Work order:
Print out each entry below in full, exactly as given, excluding pictures.

-----

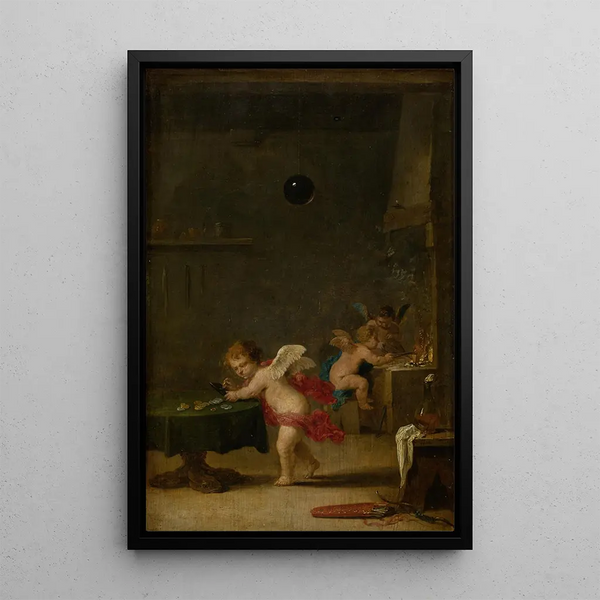 Love in an Alchemist's Workshop - David Teniers the Younger — framed artwork on a wall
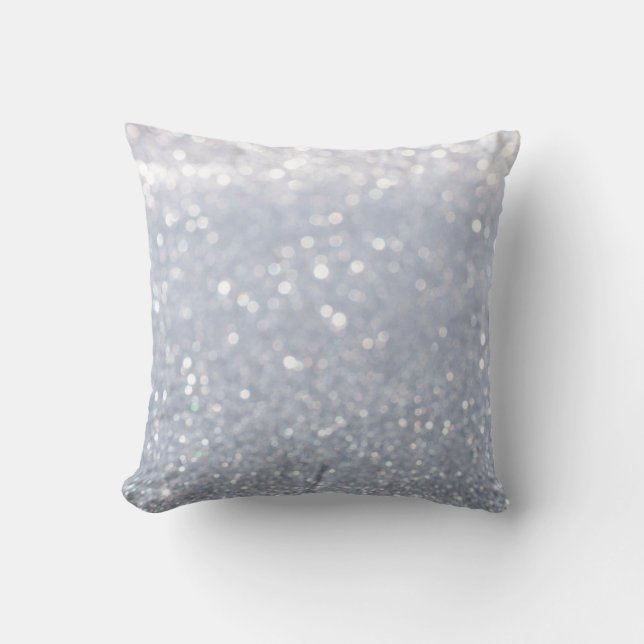 shiny of silver glitter abstract background cushion (Front)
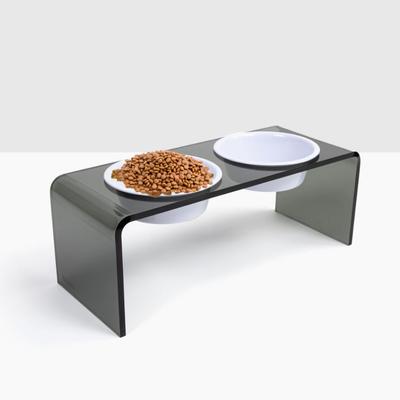 Show full view: Hiddin Medium Smoke Grey Double Elevated Dog & Cat Bowl, White, 3.5-cup slide 5 of 6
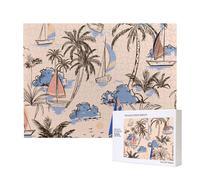 Retro Beautiful Boats Palm Trees,500 Pieces Wooden Jigsaw Family Game Jigsaw Puzzles for Adults Teens Home Decor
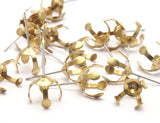 Stainless Steel Earring Post, 24 Stainless Steel Earring Posts With Raw Brass 10mm Pad Bs 1264
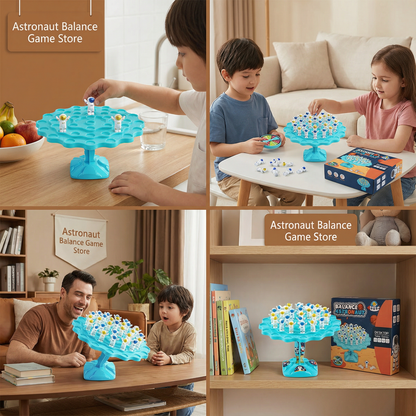 Stacking Balance Game with Astronaut Figures and Spinner, Dice Included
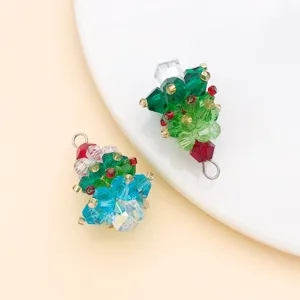 Pendentif arbre de Noël en perles de cristal DIY collier porte-clés accessoires bijoux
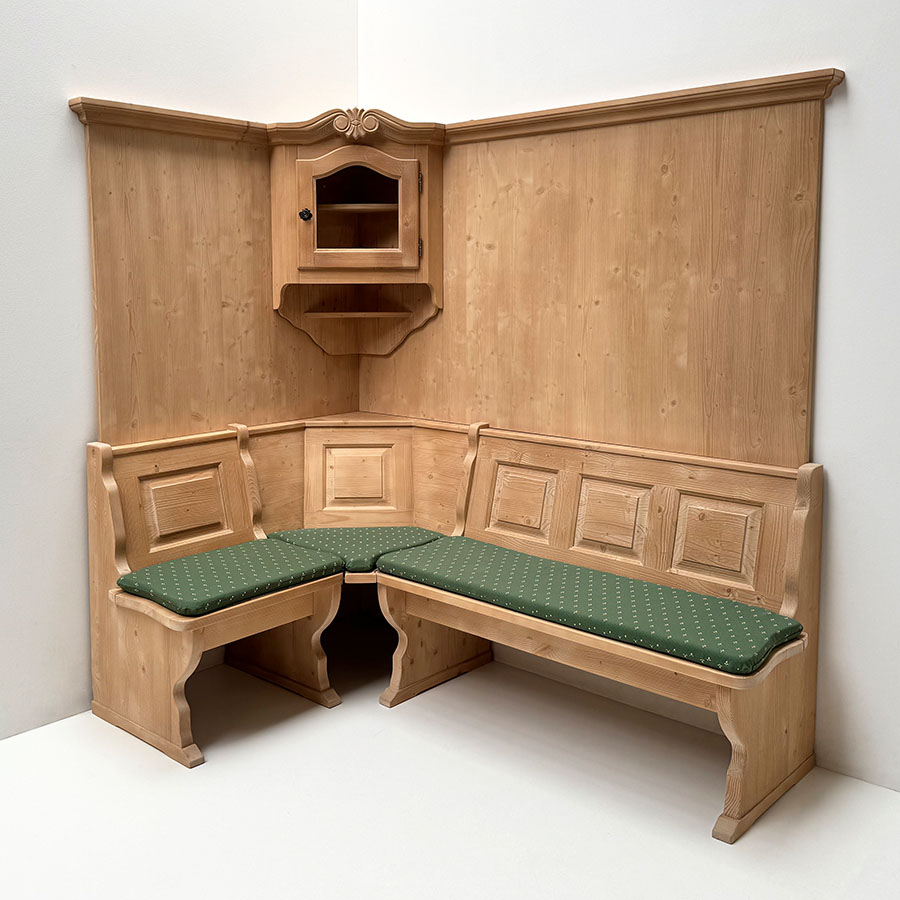 Eckbank Amberg 125/185 cm, Wandverkleidung glatt, Eckhänger Amberg, Polster genäht, Kundl grün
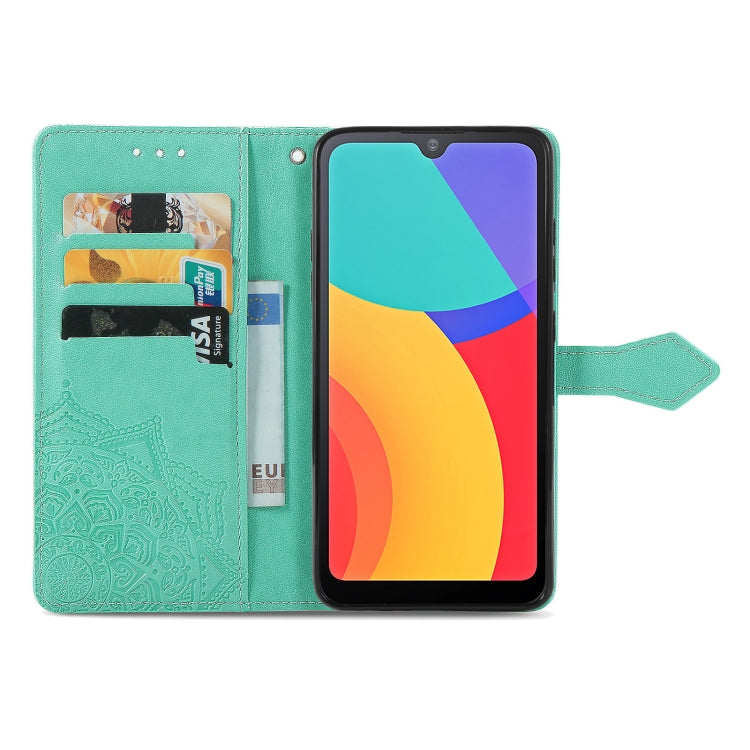 For Alcatel 1L 2021 Mandala Flower Embossed Horizontal Flip Leather Case with Holder & Three Card Slots & Wallet & Lanyard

-----

Your solution:
 Love in an Alchemist's Workshop - David Teniers the Younger — framed artwork on a wall
 shiny of silver glitter abstract background cushion (Front)
 Show full view: Hiddin Medium Smoke Grey Double Elevated Dog & Cat Bowl, White, 3.5-cup slide 5 of 6
 Retro Beautiful Boats Palm Trees,500 Pieces Wooden Jigsaw Family Game Jigsaw Puzzles for Adults Teens Home Decor
 Stainless Steel Earring Post, 24 Stainless Steel Earring Posts With Raw Brass 10mm Pad Bs 1264
 Stacking Balance Game with Astronaut Figures and Spinner, Dice Included
 Pendentif arbre de Noël en perles de cristal DIY collier porte-clés accessoires bijoux
 Eckbank Amberg 125/185 cm, Wandverkleidung glatt, Eckhänger Amberg, Polster genäht, Kundl grün
 For Alcatel 1L 2021 Mandala Flower Embossed Horizontal Flip Leather Case with Holder & Three Card Slots & Wallet & Lanyard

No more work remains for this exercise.